Top of Dataset excerpts

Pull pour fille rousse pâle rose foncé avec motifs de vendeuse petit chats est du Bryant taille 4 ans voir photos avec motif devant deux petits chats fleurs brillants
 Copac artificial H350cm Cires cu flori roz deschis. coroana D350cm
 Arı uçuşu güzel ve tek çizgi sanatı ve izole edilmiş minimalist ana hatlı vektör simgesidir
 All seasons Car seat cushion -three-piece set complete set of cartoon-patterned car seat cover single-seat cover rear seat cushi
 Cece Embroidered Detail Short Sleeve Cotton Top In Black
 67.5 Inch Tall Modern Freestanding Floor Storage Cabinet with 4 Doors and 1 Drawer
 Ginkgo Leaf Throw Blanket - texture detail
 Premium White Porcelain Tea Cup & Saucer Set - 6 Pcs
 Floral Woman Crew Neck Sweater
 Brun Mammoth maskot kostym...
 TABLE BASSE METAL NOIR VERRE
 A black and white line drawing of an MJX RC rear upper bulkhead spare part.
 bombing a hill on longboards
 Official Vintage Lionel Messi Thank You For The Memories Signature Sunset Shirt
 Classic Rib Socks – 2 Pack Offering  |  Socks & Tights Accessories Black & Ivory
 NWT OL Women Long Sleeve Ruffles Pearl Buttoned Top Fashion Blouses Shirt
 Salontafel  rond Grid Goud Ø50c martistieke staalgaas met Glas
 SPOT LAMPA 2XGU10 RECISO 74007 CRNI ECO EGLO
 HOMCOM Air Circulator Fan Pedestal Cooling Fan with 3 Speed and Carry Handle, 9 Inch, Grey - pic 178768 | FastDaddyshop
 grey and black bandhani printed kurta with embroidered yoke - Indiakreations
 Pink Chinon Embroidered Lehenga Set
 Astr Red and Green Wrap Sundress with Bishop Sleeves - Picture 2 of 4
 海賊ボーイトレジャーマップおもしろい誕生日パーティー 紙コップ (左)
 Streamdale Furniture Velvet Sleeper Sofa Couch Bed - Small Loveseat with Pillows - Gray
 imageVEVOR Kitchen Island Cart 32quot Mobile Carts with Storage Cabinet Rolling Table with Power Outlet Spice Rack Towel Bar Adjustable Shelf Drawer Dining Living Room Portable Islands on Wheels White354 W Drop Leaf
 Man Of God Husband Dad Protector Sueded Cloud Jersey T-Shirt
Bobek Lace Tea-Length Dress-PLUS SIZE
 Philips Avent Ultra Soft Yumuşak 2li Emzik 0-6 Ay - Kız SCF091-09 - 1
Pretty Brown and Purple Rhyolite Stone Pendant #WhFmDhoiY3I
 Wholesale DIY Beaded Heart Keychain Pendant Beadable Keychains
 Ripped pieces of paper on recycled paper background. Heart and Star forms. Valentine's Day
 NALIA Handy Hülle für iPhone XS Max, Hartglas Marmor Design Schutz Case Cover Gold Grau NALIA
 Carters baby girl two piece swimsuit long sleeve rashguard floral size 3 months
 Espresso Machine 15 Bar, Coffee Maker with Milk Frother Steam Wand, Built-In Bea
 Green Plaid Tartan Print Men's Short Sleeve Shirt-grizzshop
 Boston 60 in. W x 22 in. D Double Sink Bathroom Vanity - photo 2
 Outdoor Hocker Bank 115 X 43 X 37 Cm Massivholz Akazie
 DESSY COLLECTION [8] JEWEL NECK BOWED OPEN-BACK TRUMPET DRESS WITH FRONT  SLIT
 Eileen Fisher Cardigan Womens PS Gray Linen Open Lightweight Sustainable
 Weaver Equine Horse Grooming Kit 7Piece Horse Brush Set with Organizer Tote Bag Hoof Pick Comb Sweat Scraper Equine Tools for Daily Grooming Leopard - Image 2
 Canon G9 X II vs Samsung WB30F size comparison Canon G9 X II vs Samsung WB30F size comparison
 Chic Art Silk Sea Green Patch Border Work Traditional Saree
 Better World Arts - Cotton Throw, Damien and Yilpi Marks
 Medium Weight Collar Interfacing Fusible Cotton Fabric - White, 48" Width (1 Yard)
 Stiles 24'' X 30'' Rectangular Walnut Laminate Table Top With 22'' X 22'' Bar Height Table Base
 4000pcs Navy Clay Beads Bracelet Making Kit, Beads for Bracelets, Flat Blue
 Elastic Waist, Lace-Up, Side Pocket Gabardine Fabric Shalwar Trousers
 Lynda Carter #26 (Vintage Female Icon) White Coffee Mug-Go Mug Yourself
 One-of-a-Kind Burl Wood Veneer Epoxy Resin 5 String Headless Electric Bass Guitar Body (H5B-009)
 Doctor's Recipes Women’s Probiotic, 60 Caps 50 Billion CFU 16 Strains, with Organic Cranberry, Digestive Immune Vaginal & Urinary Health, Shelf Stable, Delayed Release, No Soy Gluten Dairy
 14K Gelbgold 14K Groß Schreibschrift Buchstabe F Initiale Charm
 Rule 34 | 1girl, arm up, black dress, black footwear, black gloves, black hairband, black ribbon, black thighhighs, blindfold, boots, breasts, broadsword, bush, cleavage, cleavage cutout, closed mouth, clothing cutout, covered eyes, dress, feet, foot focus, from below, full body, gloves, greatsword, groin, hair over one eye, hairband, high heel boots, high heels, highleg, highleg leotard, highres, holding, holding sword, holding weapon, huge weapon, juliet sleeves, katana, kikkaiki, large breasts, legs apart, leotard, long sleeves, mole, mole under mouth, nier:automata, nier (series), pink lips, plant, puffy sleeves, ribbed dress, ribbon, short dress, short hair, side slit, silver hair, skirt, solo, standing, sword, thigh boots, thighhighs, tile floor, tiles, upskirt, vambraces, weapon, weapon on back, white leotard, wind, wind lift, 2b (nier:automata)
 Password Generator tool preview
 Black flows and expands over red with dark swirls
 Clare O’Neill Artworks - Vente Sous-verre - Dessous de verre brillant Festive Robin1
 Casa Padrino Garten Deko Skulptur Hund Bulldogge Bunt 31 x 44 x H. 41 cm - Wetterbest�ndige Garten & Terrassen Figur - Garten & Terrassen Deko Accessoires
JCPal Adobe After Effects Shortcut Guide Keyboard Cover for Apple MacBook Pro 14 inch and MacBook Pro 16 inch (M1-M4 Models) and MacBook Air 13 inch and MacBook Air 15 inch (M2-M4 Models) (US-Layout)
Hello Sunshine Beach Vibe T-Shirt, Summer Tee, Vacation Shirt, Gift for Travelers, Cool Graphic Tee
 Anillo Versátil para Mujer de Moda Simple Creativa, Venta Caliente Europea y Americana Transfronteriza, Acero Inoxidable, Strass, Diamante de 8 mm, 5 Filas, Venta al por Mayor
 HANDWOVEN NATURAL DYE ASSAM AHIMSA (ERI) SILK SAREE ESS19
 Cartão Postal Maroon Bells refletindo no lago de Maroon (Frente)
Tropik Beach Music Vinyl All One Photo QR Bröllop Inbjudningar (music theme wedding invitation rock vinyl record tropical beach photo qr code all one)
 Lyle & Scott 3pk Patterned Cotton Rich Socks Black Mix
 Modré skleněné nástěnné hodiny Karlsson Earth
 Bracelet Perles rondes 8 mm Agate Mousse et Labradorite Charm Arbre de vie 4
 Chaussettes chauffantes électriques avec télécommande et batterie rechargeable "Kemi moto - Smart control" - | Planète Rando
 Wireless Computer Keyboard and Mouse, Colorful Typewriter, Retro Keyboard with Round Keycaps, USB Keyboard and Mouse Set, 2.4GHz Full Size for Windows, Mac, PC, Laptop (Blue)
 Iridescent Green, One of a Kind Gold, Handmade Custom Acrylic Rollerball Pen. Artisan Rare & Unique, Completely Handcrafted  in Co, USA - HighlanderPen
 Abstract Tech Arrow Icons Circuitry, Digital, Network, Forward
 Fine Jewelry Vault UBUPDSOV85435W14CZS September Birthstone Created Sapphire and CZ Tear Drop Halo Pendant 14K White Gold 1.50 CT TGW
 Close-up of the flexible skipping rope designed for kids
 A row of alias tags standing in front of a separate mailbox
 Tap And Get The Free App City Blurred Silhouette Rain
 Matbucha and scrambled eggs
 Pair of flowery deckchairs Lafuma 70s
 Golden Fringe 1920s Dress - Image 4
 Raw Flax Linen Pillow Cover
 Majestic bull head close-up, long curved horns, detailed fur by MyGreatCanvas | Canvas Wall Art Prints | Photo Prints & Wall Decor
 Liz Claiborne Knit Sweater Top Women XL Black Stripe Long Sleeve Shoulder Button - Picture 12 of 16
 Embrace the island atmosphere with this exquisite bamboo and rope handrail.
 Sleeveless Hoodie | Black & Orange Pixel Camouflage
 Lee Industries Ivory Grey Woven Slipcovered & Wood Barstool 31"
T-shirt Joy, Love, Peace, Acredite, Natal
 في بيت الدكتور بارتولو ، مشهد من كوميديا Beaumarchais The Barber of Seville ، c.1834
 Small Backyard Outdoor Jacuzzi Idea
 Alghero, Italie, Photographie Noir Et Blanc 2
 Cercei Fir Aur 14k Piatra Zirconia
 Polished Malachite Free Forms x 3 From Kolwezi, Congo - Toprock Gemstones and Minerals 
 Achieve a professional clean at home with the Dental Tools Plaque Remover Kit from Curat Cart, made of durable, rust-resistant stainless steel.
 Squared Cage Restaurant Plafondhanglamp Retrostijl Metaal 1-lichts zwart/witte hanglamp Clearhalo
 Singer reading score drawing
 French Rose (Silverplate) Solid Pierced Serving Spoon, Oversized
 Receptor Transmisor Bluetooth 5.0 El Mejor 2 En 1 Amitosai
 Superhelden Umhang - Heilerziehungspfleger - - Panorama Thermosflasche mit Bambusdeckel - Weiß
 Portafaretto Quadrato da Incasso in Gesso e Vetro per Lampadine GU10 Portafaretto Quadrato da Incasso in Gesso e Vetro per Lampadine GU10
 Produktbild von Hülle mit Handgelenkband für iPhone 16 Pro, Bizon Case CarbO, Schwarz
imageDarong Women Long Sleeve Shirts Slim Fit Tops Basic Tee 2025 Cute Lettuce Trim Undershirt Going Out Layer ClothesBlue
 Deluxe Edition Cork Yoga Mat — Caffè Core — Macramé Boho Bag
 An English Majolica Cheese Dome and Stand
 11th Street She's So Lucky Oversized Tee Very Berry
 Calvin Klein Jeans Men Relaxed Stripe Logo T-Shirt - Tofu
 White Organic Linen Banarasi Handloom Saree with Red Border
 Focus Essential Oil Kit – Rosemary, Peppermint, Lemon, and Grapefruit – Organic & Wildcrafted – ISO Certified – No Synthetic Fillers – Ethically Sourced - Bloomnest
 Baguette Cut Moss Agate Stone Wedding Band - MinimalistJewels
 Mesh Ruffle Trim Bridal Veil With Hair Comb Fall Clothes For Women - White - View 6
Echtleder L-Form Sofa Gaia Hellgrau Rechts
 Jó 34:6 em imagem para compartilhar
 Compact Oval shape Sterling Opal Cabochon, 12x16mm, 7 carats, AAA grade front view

Bottom of Dataset excerpts

In the entries above, find the line holding "Iridescent Green, One" and the line holding "Majestic bull head"; print both of them and every line between, exactly, and nothing else.

 Iridescent Green, One of a Kind Gold, Handmade Custom Acrylic Rollerball Pen. Artisan Rare & Unique, Completely Handcrafted  in Co, USA - HighlanderPen
 Abstract Tech Arrow Icons Circuitry, Digital, Network, Forward
 Fine Jewelry Vault UBUPDSOV85435W14CZS September Birthstone Created Sapphire and CZ Tear Drop Halo Pendant 14K White Gold 1.50 CT TGW
 Close-up of the flexible skipping rope designed for kids
 A row of alias tags standing in front of a separate mailbox
 Tap And Get The Free App City Blurred Silhouette Rain
 Matbucha and scrambled eggs
 Pair of flowery deckchairs Lafuma 70s
 Golden Fringe 1920s Dress - Image 4
 Raw Flax Linen Pillow Cover
 Majestic bull head close-up, long curved horns, detailed fur by MyGreatCanvas | Canvas Wall Art Prints | Photo Prints & Wall Decor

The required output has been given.